### Goal of the exercise
Pictures should be left out when the listing below is repeated word for word.

### Entries supplied
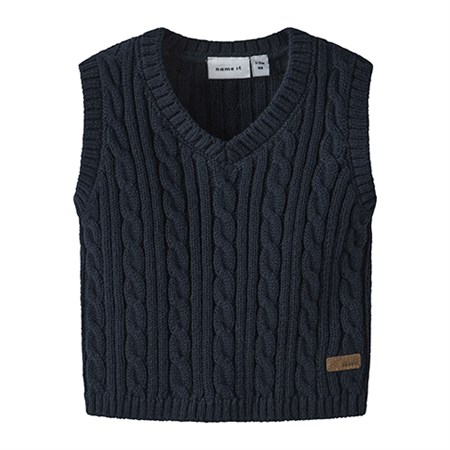 Name It - Roman Strik Slipover / Vest, Navy Blazer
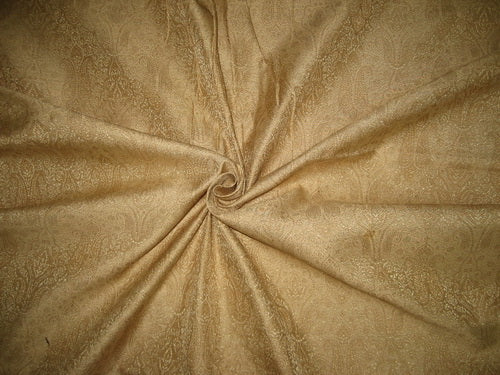 Silk Brocade fabric Light Metallic Gold & Light Gold 44" wide BRO67[3]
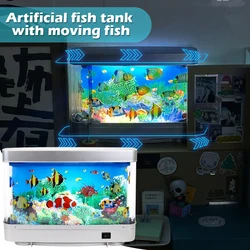 Artificial Aquarium Decorative Lamp LED Virtual Ocean Fish Tank Lamp Motion Fake Tropical Night Light Bedside Living Room Decor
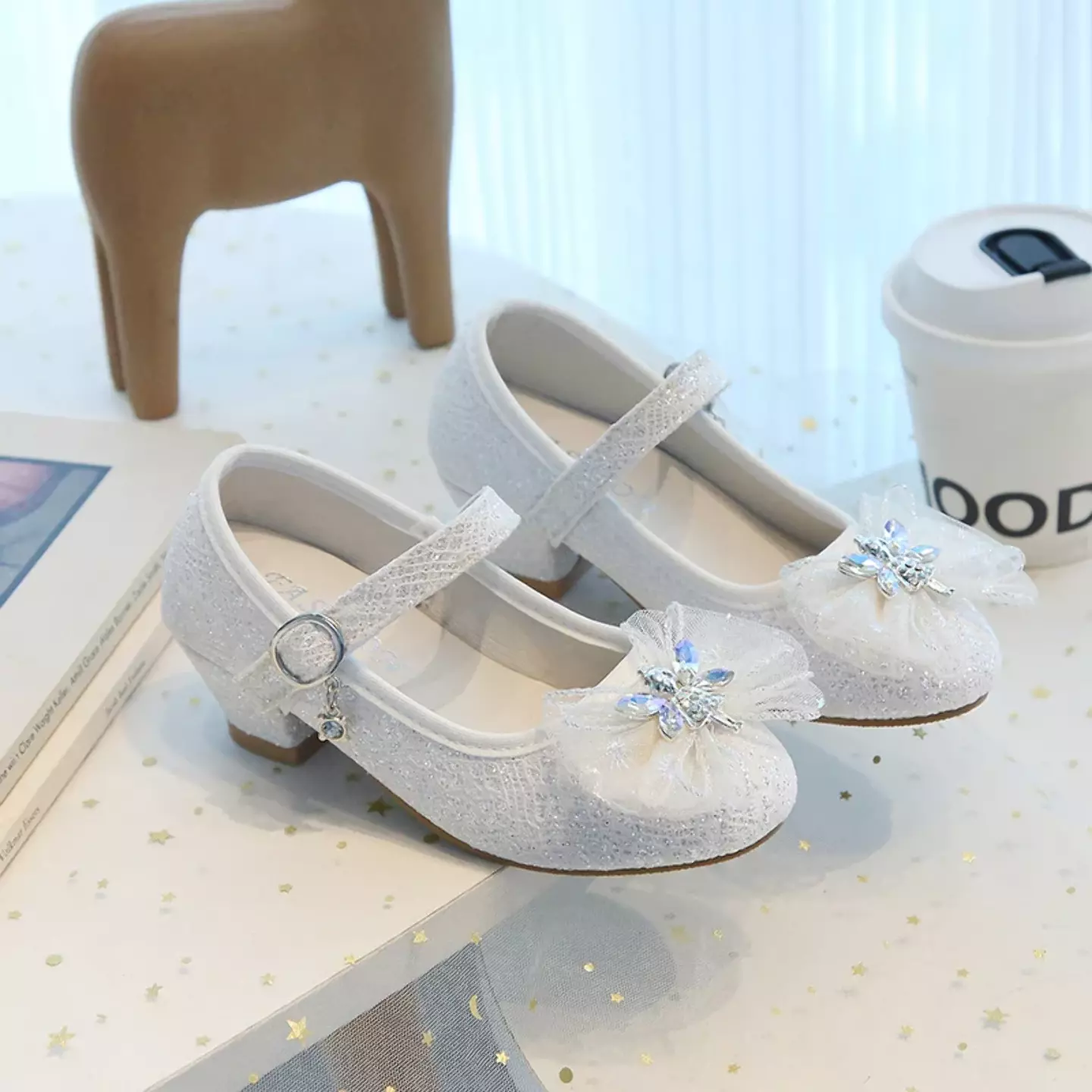 Young Girls & Girls Ivory Crystal Star Bow Block Heel Shoes | Lucys 11954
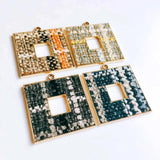 Square Wool Stuff Spacer Pendant Necklace Supplies DIY 4pcs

### Response below
 Name It - Roman Strik Slipover / Vest, Navy Blazer
 Silk Brocade fabric Light Metallic Gold & Light Gold 44" wide BRO67[3]
 Artificial Aquarium Decorative Lamp LED Virtual Ocean Fish Tank Lamp Motion Fake Tropical Night Light Bedside Living Room Decor
 Young Girls & Girls Ivory Crystal Star Bow Block Heel Shoes | Lucys 11954
 Square Wool Stuff Spacer Pendant Necklace Supplies DIY 4pcs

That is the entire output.